Meet Christine Rance, the D.C. chapter’s newest board member, who will be focused on the organization’s Mentorship program. Managing Director Baan Alsinawi, who is president and founder of integrated risk management firm TalaTek, recently caught up with Christine to talk about her interest in joining the board and helping to relaunch the local chapter. Christine also discusses why promoting women in tech in the D.C. area is so important to her. Read the full Q&A to learn more.
What interested you in joining the D.C. Girls in Tech (GIT) board and specifically in this new role?
After attending the initial kick-off for GIT DC, my interest in the organization peaked. I envisioned the challenge and opportunity of growing this organization from the ground up and I never walk away from a challenge! I know, in collaboration, that my leadership skills will be put to good use here and so I applied to the board to lead the mentorship program.

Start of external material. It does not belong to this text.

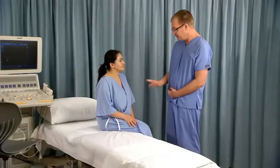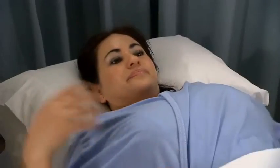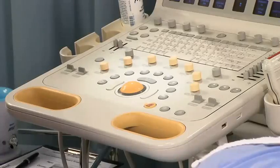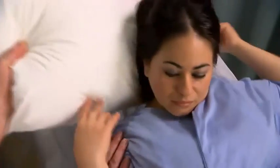Explain the technique of swallowing to the patient, as it will be done during the ultrasound procedure. Ask the patient to lie supine on the examination table and make them comfortable. Sit or stand on the patient's right side with the ultrasound machine to the left upper end of the examination table. Place a sponge, small pillow, or rolled towel under the patient's neck and shoulders.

Tell us about yourself and what you hope to accomplish with GIT.
I’ll summarize myself in short: I am originally an Ohio girl and a graduate of Ohio University. Having lived across the U.S., working in large cities, both here and abroad, I settled in the Washington, D.C. metro area in 1998 – the same year I began working in tech. I’m raising a precarious almost 9-year-old daughter, and am engulfed in her world of activities and her social life. I enjoy various activities, playing tennis, theater, music and travel among many others. I aim to build a successful mentorship program for GIT D.C., meet new women and open doors for many.
Have you been involved in other leadership roles outside of work? If so, please share details and if not, why now?
Yes, specifically with my daughter’s school groups: room parenting, Girl Scout Leader and tennis coach. I’m ready both personally and professionally to take my leadership skills to a broader audience, the time is now and GIT is a welcomed opportunity.
If you were able to give advice to your 20-something self, what would that be?
Good question. I often ask myself this question with the same resulting theme: You are good enough and you have what it takes – take the chance. All too often we find ourselves running from what we really want because we are afraid of failure or are concerned with how others will perceive us. Failure is a key component of success, but no one ever tells us that, so best to remain focused and work hard, but please do not believe you cannot do it, because you absolutely can!
What do you love most about working in the tech world? What do you dislike the most?
Working in tech came to me in a somewhat haphazard way. I thought working in tech was all about computer science and coding. I was surprised and happy to find out that it was/is much more than just that. Working in the tech world does not mean a degree in computer science necessarily – law, business, marketing and product management degrees and the list goes on for roles that are just as exciting in the tech world. The opportunities are endless and the best part of it all is that we are able to define our roadmap as we weave our way through the landscape – that is what I most love about working in technology.
What do you believe is the biggest hurdle women face in pursuing a career in technology? How can your role with GIT help address these hurdles?
Getting a seat at the table. As a participant at the table, I find increasingly women represent less than 2% of attendees. We need a girls club, like the good ‘ole boys club, to support and lift each other up as the era of inequality still exists, and speaking up to be heard continues to be a concern of women as the resulting perception is not always favorable. I am hopeful that my role with GIT DC will provide girls who are interested in a career in tech with the skills they will need to identify, manage and overcome inequality, have the voice in the meeting, speak up and be provided the accolades when deserved, even one victory is a step in the right direction.